In Texas college football they gig 'em and hook 'em, in California everyone gets a trophy.
In Texas they won’t trust you unless they trusted your grandpa, what matters in California is the size of grandpa’s trust.
In Texas the tallest mountain is bio-degradable, in California we make snow.
Texas has WhataBurger, California has In N Out - I know, I know, Texas has 'em too - but its a SoCal tradition
Texas adds cheese to refried beans and it’s Tex Mex, California adds avocado and it’s extra
Texas has Allen's (no relation) boots, California has Rainbows
Texas has humidity, heat, cold, bugs, hurricanes, wind sheer, tornadoes, sleet, snow, thunder, lightening, and floods, California has the marine layer
In Texas you're welcomed with a "howdy" and left with a "y'all come back now, ya hear!" In California - all greetings include “dude!”

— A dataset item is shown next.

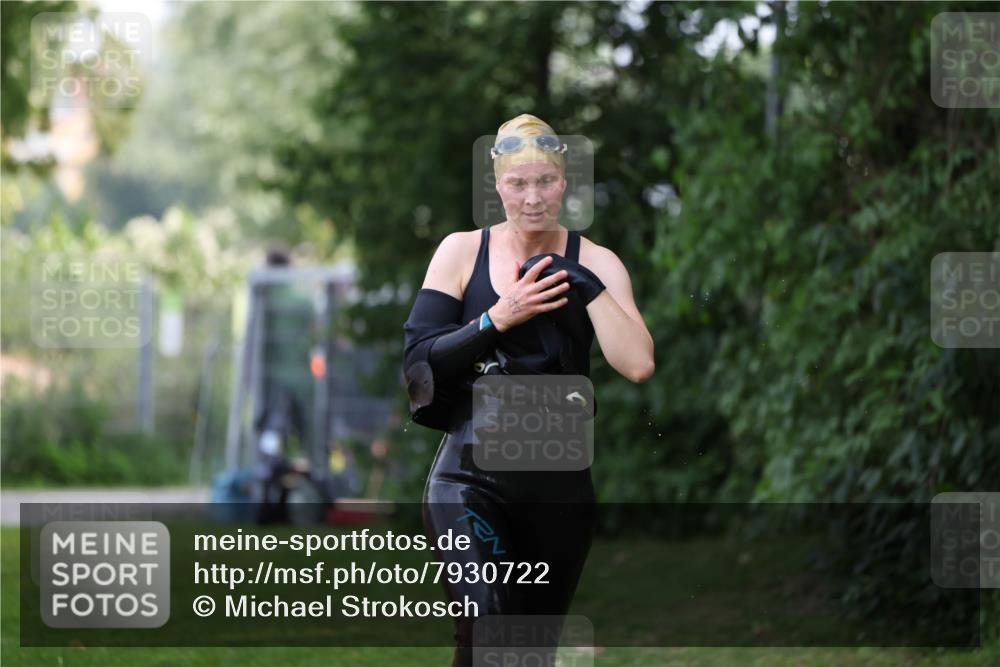 15.06.2025 - 7 Türme Triathlon Michael Strokosch http://msf.ph/oto/7930722 15.06.2025 12:28:34 Schwimmen 421, 564 meine-sportfotos.de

If you ask directions in Texas, you get something like - "well, you know where old Mr. Oliver used to live? Well, when you get to his house - I never met the Yankees that moved in ten years ago, from California, I believe - you turn left and go to the vacant Piggly Wiggly - or was it an A&P? - and then I think its right" - In California it’s "take the 405 to the 710 to the 10 toward the city and off at Melrose - no wait, take the 5 and off at Valencia and then all the way on Melrose. 

So if you’re moving to Texas, remember to ask SIRI for directions or you may end up in Hollywood.